Legislative leaders say the state Health Department needs more time to set up rules and regulations on medical marijuana.
Voters in November passed a measure legalizing the use of medical cannabis.
The bill would delay implementation of the medical marijuana law until the end of July. It was supposed to take effect 30 days after the November election, which would have been Dec. 8th, 2016.
"It (the bill) is not to stop the use of medical marijuana," Senate Majority Leader Rich Wardner (R-Dickinson), the bill's main sponsor, told a hearing of the House and Senate Human Services Committees. "It is simply to do it right."

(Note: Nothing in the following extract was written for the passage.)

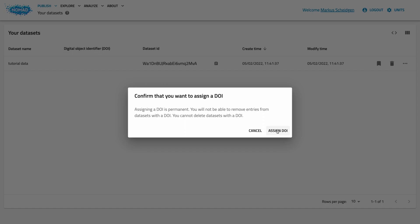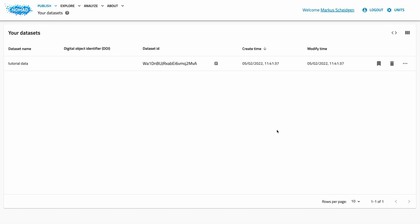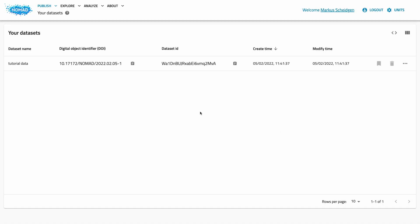Let's create a DOI for our example dataset. Be aware that the DOIs in the test installation are not registered and won't really work. The real DOIs from the official NOMAD installation will resolve to the dataset page of the respective dataset. From there, your readers can explore all entries, download the raw files and processed data. This concludes this tutorial. You saw how to upload and publish data with NOMAD. Thank you for following this tutorial. You will find example data and links to NOMAD in the video description. See you in another video.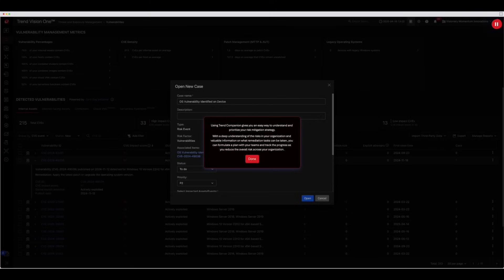With a deep understanding of the risks in your organization and valuable information on what remediation tasks can be taken, you can formulate a plan with your teams and track the progress as you reduce the overall risk across your organization.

Wardner said a bill laying out the rules is being drafted by the state Health Department, and it will be introduced late this week or early next week.
"If we don't do this right, the state of North Dakota will pay and pay and pay for years," Wardner said. "Not only financially, but also socially."
Anita Morgan of Fargo is with the steering committee that got the “Compassionate Care Act” on the ballot.
"We've tried to make sure that it is safe and accessible," Morgan told the committees. "It will be used for medicine."
"We want to make sure that those people that need the marijuana in order to take care of their medical condition get it," Wardner said. "And we want to make sure they get the quality they deserve."
Besides Wardner, the other floor leaders are also bill sponsors.